Suaranusantara.com– Menteri Perdagangan (Mendag), Budi Santoso menyebut massa tugas satuan tugas (Satgas) impor ilegal bakal dilanjutkan pada tahun 2025.
Hal itu diungkapkan Budi Santoso saat diwawancarai di kantor Kementerian Perdagangan (Kemendag), Jakarta Pusat, pada Senin (06/01/2025).
“Kemarin sudah dievaluasi jadi rencana akan dilanjutkan,” kata Budi.
Menurutnya, Kemendag dan sejumlah kementerian dan lembaga (K/L) terkait akan melakukan rapat koordinasi untuk perpanjangan massa tugas Satgas impor ilegal tersebut.
“Nah ini saya minta teman-teman untuk kumpul lagi, untuk koordinasi dengan K/L, dan apa namanya perpanjangannya sedang kami siapkan, perpanjangan SK-nya,” ungkapnya.
Budi mengaku, pembahasan soal perpanjang massa tugas tersebut telah disepakati antara kementerian dan lembaga terkait.
“Sudah, sudah final.
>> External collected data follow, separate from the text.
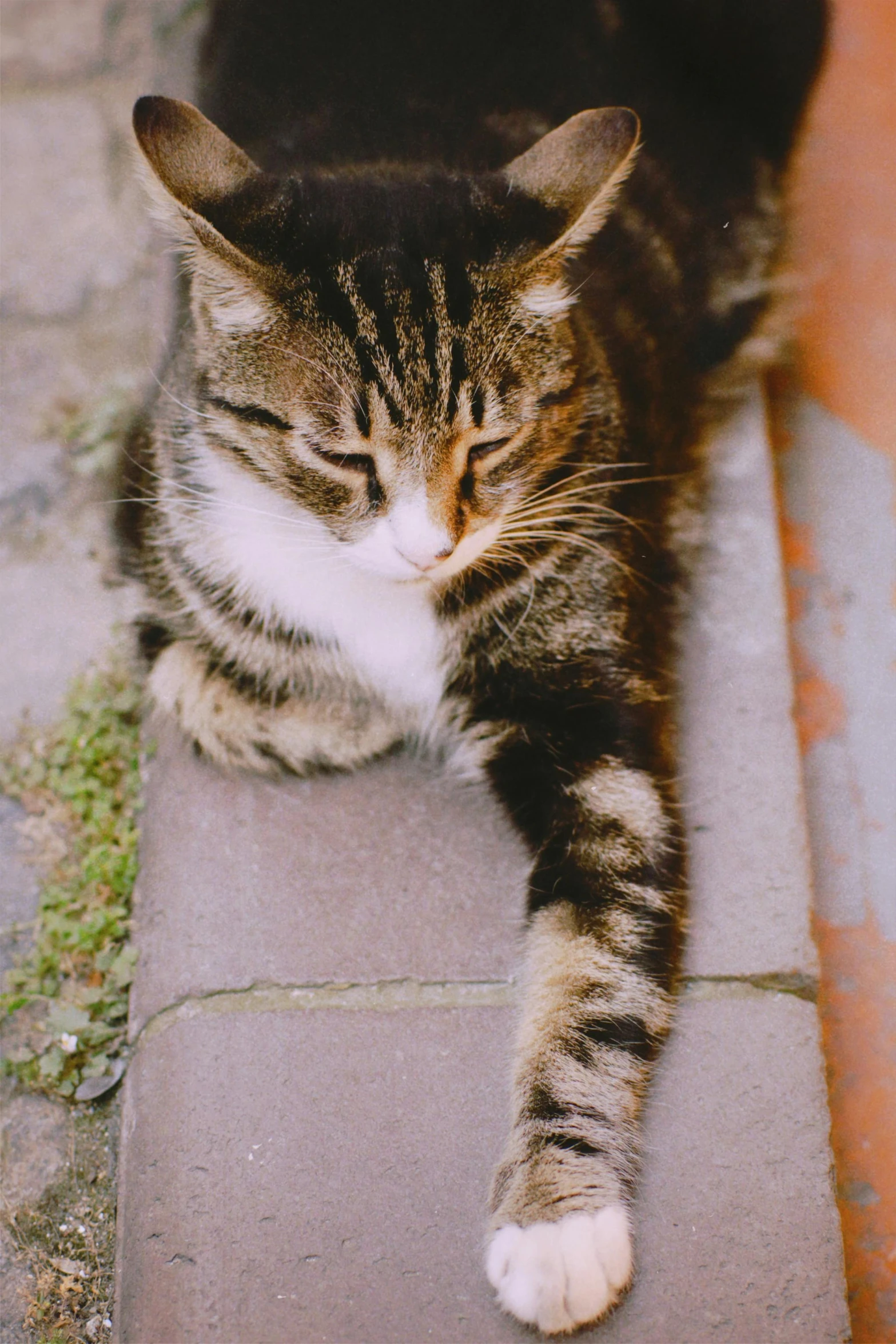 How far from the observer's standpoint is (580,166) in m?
1.18

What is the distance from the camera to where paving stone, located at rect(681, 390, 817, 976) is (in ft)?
4.60

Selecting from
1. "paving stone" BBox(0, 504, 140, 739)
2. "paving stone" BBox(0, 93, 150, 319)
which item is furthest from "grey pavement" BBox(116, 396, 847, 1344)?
"paving stone" BBox(0, 93, 150, 319)

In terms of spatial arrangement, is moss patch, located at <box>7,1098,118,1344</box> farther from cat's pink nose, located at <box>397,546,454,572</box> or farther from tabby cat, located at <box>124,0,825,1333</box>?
cat's pink nose, located at <box>397,546,454,572</box>

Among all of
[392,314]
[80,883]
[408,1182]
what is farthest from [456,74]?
[408,1182]

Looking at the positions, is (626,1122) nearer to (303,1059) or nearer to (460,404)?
(303,1059)

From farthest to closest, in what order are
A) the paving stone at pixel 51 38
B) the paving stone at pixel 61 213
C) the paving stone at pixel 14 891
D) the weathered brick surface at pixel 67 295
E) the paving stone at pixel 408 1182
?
the paving stone at pixel 51 38
the paving stone at pixel 61 213
the weathered brick surface at pixel 67 295
the paving stone at pixel 14 891
the paving stone at pixel 408 1182

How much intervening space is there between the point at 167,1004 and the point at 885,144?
79.1 inches

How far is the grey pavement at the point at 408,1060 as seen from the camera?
118cm

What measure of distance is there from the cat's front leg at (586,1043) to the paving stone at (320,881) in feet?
0.31

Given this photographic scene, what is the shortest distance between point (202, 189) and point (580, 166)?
0.41 m

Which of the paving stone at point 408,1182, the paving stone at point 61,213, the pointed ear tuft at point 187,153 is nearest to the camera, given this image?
the pointed ear tuft at point 187,153

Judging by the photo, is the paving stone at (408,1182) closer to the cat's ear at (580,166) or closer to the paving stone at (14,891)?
the paving stone at (14,891)

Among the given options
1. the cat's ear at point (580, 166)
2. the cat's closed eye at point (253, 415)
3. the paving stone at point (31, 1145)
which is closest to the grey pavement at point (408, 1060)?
the paving stone at point (31, 1145)

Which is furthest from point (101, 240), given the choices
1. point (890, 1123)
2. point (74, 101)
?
point (890, 1123) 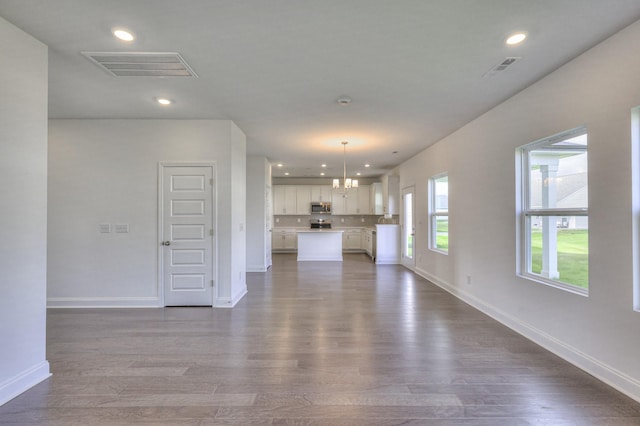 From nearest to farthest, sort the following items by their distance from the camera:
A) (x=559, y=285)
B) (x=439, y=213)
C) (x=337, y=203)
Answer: (x=559, y=285)
(x=439, y=213)
(x=337, y=203)

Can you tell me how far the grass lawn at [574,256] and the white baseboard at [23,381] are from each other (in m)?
4.60

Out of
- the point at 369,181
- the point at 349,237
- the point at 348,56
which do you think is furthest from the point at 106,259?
the point at 369,181

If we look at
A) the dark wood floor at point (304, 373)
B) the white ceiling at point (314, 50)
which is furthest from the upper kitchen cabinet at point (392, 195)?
the dark wood floor at point (304, 373)

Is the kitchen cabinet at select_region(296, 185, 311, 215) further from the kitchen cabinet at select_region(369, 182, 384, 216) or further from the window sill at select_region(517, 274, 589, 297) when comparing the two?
the window sill at select_region(517, 274, 589, 297)

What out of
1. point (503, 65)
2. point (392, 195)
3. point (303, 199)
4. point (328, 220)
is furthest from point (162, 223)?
point (328, 220)

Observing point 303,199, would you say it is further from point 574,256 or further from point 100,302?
point 574,256

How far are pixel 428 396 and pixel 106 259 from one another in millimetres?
4385

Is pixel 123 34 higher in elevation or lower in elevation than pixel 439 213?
higher

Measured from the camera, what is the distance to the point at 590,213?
8.23 feet

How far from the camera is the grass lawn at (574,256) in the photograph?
8.60 feet

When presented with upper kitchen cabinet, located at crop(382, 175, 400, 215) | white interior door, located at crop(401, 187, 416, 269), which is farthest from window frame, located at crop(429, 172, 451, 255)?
upper kitchen cabinet, located at crop(382, 175, 400, 215)

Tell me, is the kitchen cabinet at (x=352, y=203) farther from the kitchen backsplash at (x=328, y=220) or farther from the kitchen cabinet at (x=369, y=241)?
the kitchen cabinet at (x=369, y=241)

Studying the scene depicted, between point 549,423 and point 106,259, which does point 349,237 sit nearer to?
point 106,259

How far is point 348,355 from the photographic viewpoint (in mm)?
2789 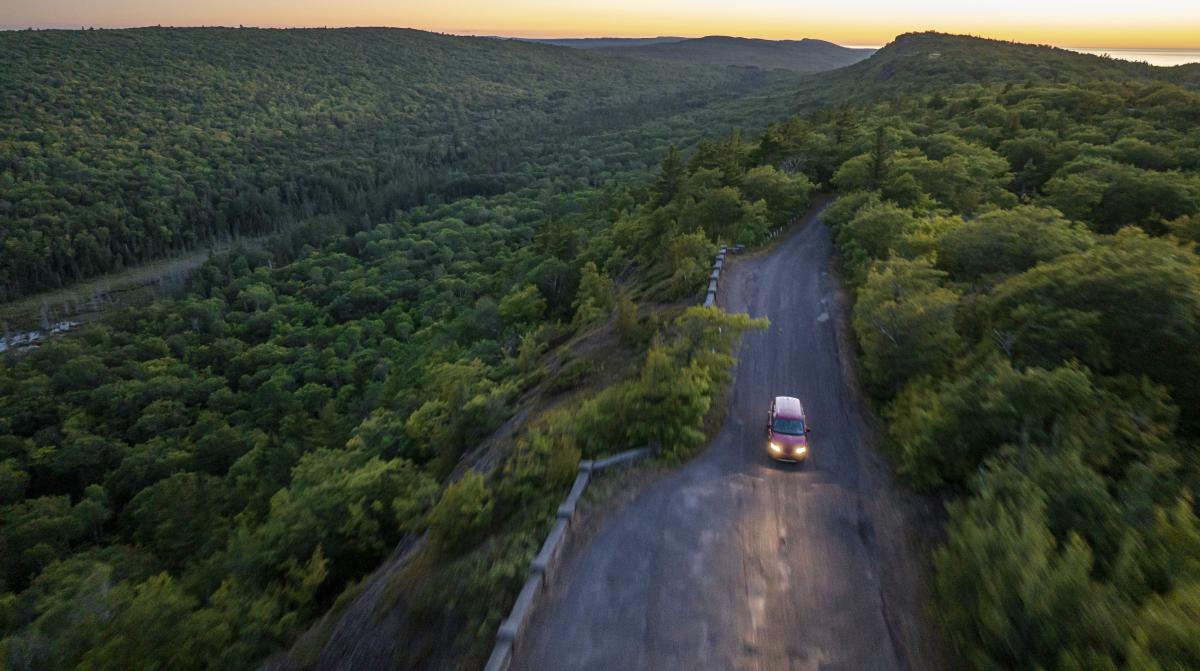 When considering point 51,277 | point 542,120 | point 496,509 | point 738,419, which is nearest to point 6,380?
point 51,277

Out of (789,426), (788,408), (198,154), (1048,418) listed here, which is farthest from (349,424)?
(198,154)

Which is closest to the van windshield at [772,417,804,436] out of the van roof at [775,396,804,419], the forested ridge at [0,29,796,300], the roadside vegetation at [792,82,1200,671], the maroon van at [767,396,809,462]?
the maroon van at [767,396,809,462]

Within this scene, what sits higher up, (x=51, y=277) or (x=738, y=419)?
(x=738, y=419)

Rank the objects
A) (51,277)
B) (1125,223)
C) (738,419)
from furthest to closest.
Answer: (51,277) → (1125,223) → (738,419)

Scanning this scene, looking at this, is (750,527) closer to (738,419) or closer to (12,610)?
(738,419)

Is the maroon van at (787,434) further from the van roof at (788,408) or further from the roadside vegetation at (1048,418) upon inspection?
the roadside vegetation at (1048,418)

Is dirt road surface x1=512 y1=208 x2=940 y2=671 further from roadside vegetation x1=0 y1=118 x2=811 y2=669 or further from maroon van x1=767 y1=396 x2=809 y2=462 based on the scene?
roadside vegetation x1=0 y1=118 x2=811 y2=669

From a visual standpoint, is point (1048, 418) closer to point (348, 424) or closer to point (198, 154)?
point (348, 424)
Kemarin kan sudah rapat di mana, di Bandung ya. Sudah dikumpulkan dan semua sepakat untuk diperpanjang,” ujarnya.
Budi menyebut, rapat koordinasi nantinya bakal membahas soal massa tugas dari Satgas impor ilegal tersebut.
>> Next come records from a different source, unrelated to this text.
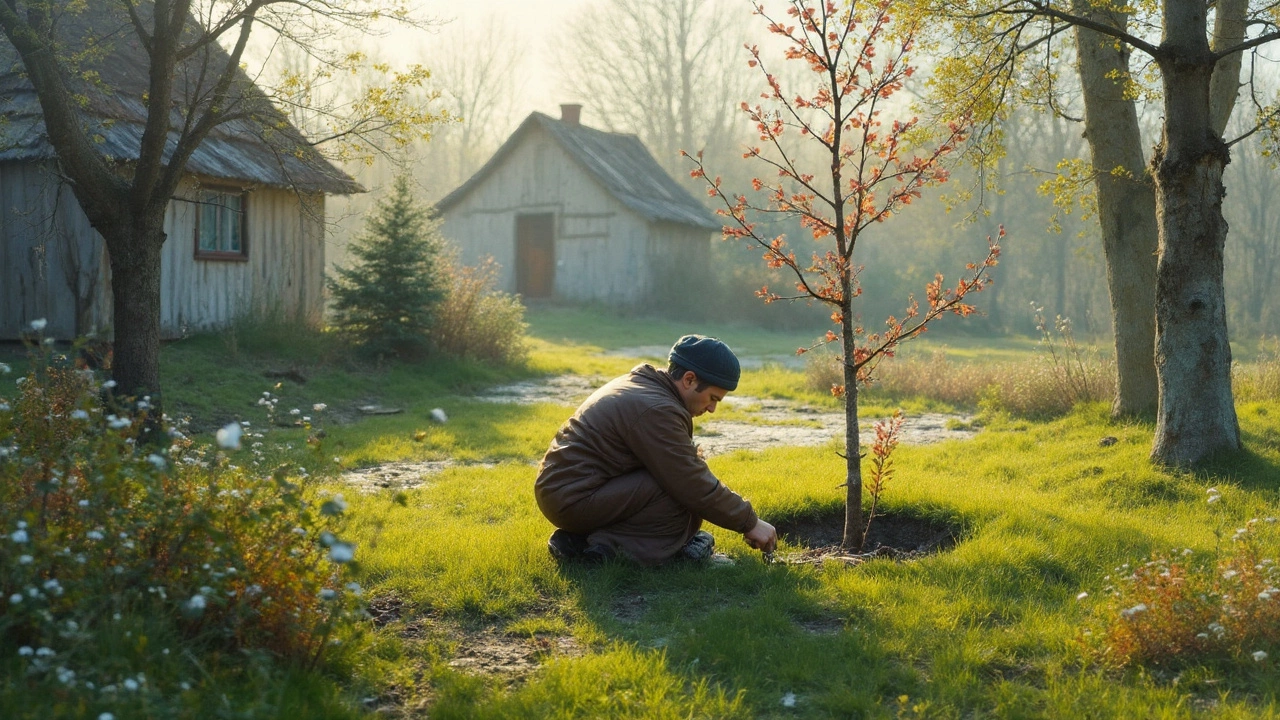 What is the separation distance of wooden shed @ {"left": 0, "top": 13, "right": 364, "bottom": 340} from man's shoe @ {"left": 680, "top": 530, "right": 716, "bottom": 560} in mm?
7058

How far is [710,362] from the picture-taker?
541 centimetres

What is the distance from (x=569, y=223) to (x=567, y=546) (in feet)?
84.3

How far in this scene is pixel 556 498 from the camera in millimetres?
5543

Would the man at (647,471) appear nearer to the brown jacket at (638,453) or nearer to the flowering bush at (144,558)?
the brown jacket at (638,453)

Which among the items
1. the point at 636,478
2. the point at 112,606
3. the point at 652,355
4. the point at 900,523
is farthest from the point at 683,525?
the point at 652,355

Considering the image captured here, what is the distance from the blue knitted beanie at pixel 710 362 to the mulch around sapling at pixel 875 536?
1.26 m

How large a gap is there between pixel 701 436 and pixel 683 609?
6.24m

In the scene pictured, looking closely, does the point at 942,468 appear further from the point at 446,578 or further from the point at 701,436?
the point at 446,578

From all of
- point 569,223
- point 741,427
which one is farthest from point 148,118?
point 569,223

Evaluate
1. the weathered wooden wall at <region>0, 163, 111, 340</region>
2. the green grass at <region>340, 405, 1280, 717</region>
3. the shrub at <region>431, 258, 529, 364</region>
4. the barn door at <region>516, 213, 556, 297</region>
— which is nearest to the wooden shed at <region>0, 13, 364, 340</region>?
the weathered wooden wall at <region>0, 163, 111, 340</region>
“Ya ini yang kita bakal bahas, apakah satu semester atau langsung satu tahun. Karena kan kita harus lihat perkembangannya. Mudah-mudahan ke depan nanti tidak ada lagi pelanggaran,” jelasnya.
Lebih lanjut, Budi menambahkan, Satgas impor ilegal tersebut akan bertugas mulai tahun 2025.
“Per tahun ini, kan habisnya per Desember 2024 kan, per tahun ini sudah,” pungkasnya.
Diketahui, Satgas Impor Ilegal mulai efektif bekerja pada Selasa, 23 Juli 2024 dan berakhir pada Desember 2024. Produk impor ilegal dinilai membuat banyak pabrik tutup dan melakukan Pemutusan Hubungan Kerja (PHK).
Adapun pembentukan satgas impor ilegal ini berdasarkan pada Undang-Undang Nomor 7 Tahun 2014 tentang Perdagangan. Lalu Peraturan Pemerintahan (PP) Nomor 29 Tahun 2021 tentang Penyelenggaraan Penataan Ruang. (IF)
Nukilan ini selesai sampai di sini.